From family studies to GWAS
Modern psychiatric genetic research after 1945 was characterized by the corroboration of findings of earlier formal genetic studies (i.e. family, twin, and adoption studies) on the heritability of major disorders such as schizophrenia or bipolar disorder. These disorders were shown to have a strong genetic basis, with heritability estimates ranging between 50 and 80 %. These findings propelled the use of linkage studies to map chromosomal susceptibility loci. Likewise, a host of candidate gene association studies were performed. Yet, while statistically robust methods, such as non-parametric linkage analysis or family-based association analysis were developed, the field was characterized by an inconsistency of findings and low replication validity. Large-scale multicenter and meta-analyses helped highlighting linkage regions with a high degree of consistency across studies, but failed to offer major leads. Similarly, follow-up fine mapping and linkage disequilibrium (LD) mapping in promising regions did not unequivocally pinpoint susceptibility variants; this situation also applies to candidate-gene studies. This scenario was not limited to psychiatric disorders but proved to be characteristic to complex phenotypes in general.
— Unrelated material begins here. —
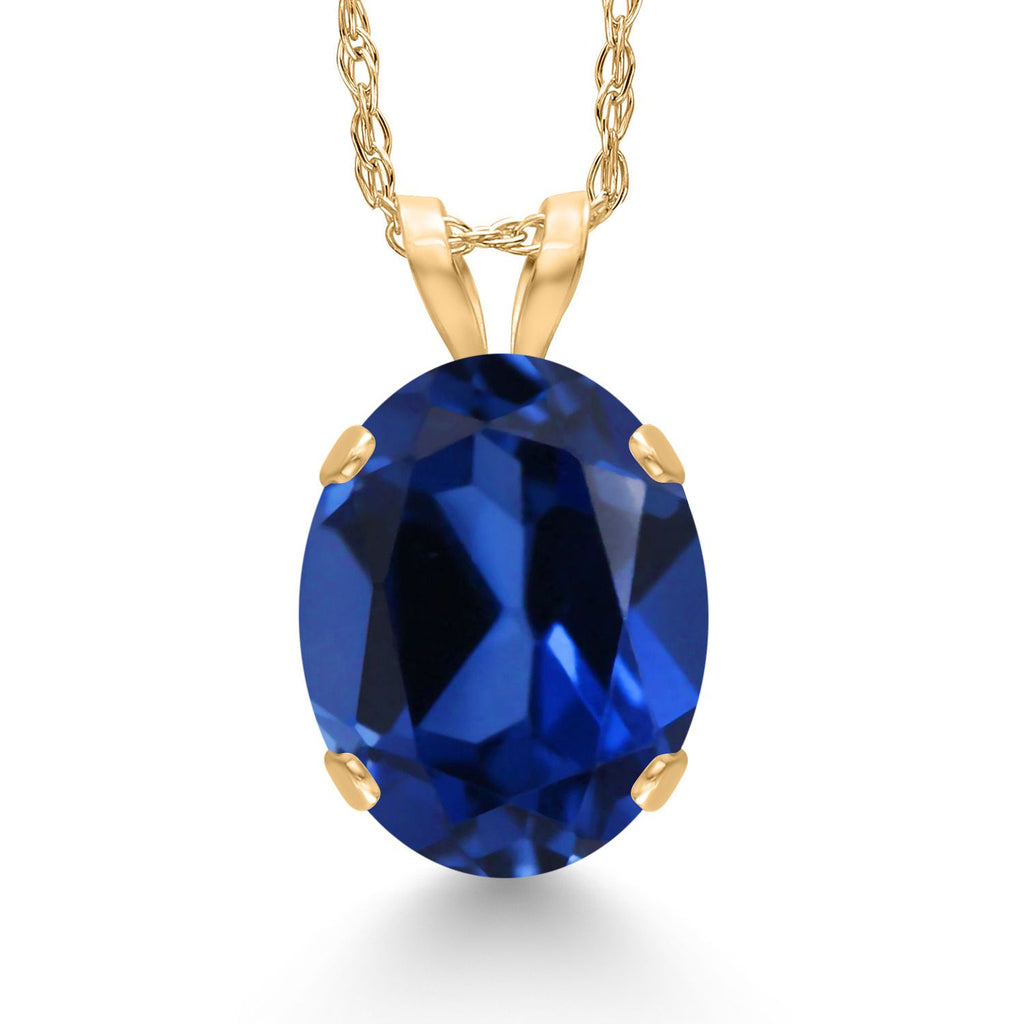 Gem Stone King 14K Yellow Gold 10X8MM Oval Gemstone Birthstone Solitaire Pendant Necklace | Gold Necklace For Women | With 18 inch Gold Chain | Fine Jewelry Gifts for Her Mom Women Wife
Mindful of these rather disheartening experiences, researchers in the field of complex genetics entered the 21st century with great aspirations based on an ever advancing technology making genome-wide association studies (GWAS) a practical reality: After years of collecting large samples, these could be screened with a straightforward tool allowing high-throughput genotyping of up to a million single nucleotide polymorphism (SNP) markers.
Meanwhile, GWAS have been performed for several complex disease and physiological trait phenotypes, such as type I and type II diabetes, lung cancer, body-mass-index and obesity, coronary heart disease, hypertension, rheumatoid arthritis, age-related macular degeneration, Crohn's disease, prostate cancer, height, and pigmentation and hair color.
As regards GWAS of psychiatric disorders, several large studies on bipolar disorder have been published. For schizophrenia, the situation is similar.
In light of these findings, GWAS in complex disorders definitely generated success, as they have identified and replicated several susceptibility genes. In the case of bipolar disorder, DGKH (Diacylglycerol kinase eta), CACNA1C (calcium channel, voltagedependent, L type, alpha 1C subunit), and ANK3 (Ankyrin 3) have been found associated across samples. The gene ZNF804A encoding a zinc finger protein has been found associated with schizophrenia and bipolar disorder. Recent studies detected genome-wide significant SNP associations in the extended major histocompatibility complex region on chromosome 6. The latter study also reported genome-wide significant association with markers in the neurogranin (NRGN) and the transcription factor 4 (TCF4) genes.
The aforementioned findings were observed at commonly accepted genome-wide levels of significance (p < 10-7).
In comparison with the larger number of replicated findings in somatic disorders and traits, the yield in GWAS of psychiatric
disorders may appear daunting to many outside the field. However, GWAS of psychiatric phenotypes have taught us some important
lessons. These are, firstly, the proven polygenic nature of psychiatric disorders; secondly, the fact that GWAS results expand
our theories about the likely molecular basis of psychopathology, given that the aforementioned genes cannot be considered
"usual or anticipated suspects"; thirdly, the risk of pursuing a "top-hits-only" strategy, and fourthly,
the notion of allelic heterogeneity being an important factor in complex genetics. Finally, GWAS have confronted us with a
puzzling reality. For all phenotypes studied by GWAS so far, the identified variants only account for a small fraction of the
genetic variability, even for traits such as adult height, for which numerous GWAS on huge samples have been conducted.
This phenomenon has become known as the "case of the missing heritability".
'The case of the missing heritability' and its consequences for future approaches in biological psychiatric research
The aforementioned scenario may lead to the impression of GWAS having failed and the genetics of complex disorders
being too complex to ever be understood and that they should be given up entirely. However, in the scientific community there is
broad consensus that we have not yet exhausted the range of possible approaches: while GWAS have identified susceptibility variants,
they need to be embedded in a framework of complementary approaches. Concerning psychiatric disorders, such framework necessitates
the full breadth of clinical and molecular biological techniques and strategies. These include genomics and epigenomics, phenomics,
neurobiology, and the study of the environment.